I closed my eyes. When I did, something took shape behind them. I thought perhaps I'd see my mother hoping she'd see me again. Instead I saw an endless sheet of gold. The thought of it opened something inside me. Not happiness, but the possibility of it.

"I want to see the fields again." Not just to see it. I wanted to put my hand over the wheat and then run my fingers along it. If I could lie on the harvested fields again, if I could know their endless certainty, it could flow into me. If I laid out on it with my back in its arms and my face to the sky, maybe the harvest rains could wash me clean.

"That's it." Val's smile was so bright and encouraging I felt it in my soul. "Just give it a chance. No promises. Just for now."

I thought of the motion of the wheat in the wind. I thought of the birds white against the sky and moving against the clouds. Of the pink sunsets that bled into purple until the black above and the black below were one.

"I'll try," I said.

Val offered me a hand. He stood up and gave a tug. I stood up alongside him. Val pulled me in for a hug.

Pain bloomed in my stomach. I sucked in breath, pulling back. Val's grip went strong and angry. Hos smile hadn't changed as he leaned in toward my ear.

"It's no fun to hurt someone who doesn't care."

I yanked away. Val let me go. I stumbled back towards the ladder, my hands pressing against the warm wetness on my shirt.

Val made no move to follow. "Move fast, Nine," he said, pointing to the ladder. "Maybe you'll make it to the fields."

It was only one stab. People could live through that. If I got to the ground, if I vanished into the grass, there could be hope. I slid my legs over the side and lowered myself onto the top rung. I hissed at the pulling at my would as I reached down a leg for the next rung.

Val settled into his stomach at the top of the ladder. He rested his elbow on the wood form and laid his head in his hand as he watched.

"Making good time. Don't move too fast. Wouldn't want to bleed out," he called down.

I reached the bottom of the ladder, my hands and the rungs smeared with blood. I collapsed to my knees and examined my wound. The blood had soaked my shirt with a terrifyingly large stain. It was halfway down my pants, like I'd wet them. Wet and warm, like a perversion of the ocean, inverted in color and inverted in hope.

I heard a tumbling noise and then Val hopped down from the bottom of the slide on the opposite end of the platform. He stopped to pick something from the grass as he walked under the platform.

I tried to raise myself with my hand against the ground.
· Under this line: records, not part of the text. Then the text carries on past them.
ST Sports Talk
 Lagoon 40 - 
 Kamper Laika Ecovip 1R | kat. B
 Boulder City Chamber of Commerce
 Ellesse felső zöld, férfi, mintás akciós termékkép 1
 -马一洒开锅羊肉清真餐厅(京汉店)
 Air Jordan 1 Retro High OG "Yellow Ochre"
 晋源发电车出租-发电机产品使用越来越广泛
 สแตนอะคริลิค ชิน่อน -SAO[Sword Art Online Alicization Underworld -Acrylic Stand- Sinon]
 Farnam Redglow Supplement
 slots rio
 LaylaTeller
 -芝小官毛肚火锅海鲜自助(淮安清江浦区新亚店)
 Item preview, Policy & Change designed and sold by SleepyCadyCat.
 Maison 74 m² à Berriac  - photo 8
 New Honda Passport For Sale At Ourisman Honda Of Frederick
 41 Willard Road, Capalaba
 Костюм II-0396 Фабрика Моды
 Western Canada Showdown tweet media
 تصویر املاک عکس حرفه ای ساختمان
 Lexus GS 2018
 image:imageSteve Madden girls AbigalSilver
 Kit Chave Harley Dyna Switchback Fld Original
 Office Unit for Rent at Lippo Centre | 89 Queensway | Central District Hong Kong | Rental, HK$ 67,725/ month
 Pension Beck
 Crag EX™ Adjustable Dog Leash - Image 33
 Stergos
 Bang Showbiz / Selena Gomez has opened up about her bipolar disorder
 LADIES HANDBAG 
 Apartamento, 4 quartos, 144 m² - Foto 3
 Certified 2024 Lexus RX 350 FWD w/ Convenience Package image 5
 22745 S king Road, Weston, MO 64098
It slipped on my blood. I forced in a breath that seemed to knife against the edges of my wound. I couldn't escape. Val was going to catch me and he was going to kill me. I would die as far from home as I was from all the friends I couldn't save

Val stood next to me. He tossed something down. A handful of golden grass settled onto the dirt by my head. Val crouched down.

"Pick it up" he said. He was looking at me with the playful delight of a boy opening a present. "Can you smell it? Can you smell the fields?"

I reached out bloody fingers and curled them around the grass. I dragged it through the dirt and nestled it to my face. There was nothing but dead grass.


14th place: Robbie Emmers- stabbed by Val

Robbie was a nice guy. A cool dude. He was the kind of guy I generally favor. His cheeriness and kindness was exactly what I needed to be horribly mean like this. I picked out the best of Val for Survivor, but things are going to be a little different for this story. RIP Robbie, too good for this Games.

Chapter title note (spoilers from 70 years ago): good authors borrow, great authors steal, and I ripped this off exactly from an episode of Alfred Hitchcock Presents where a hitman does this to a mark.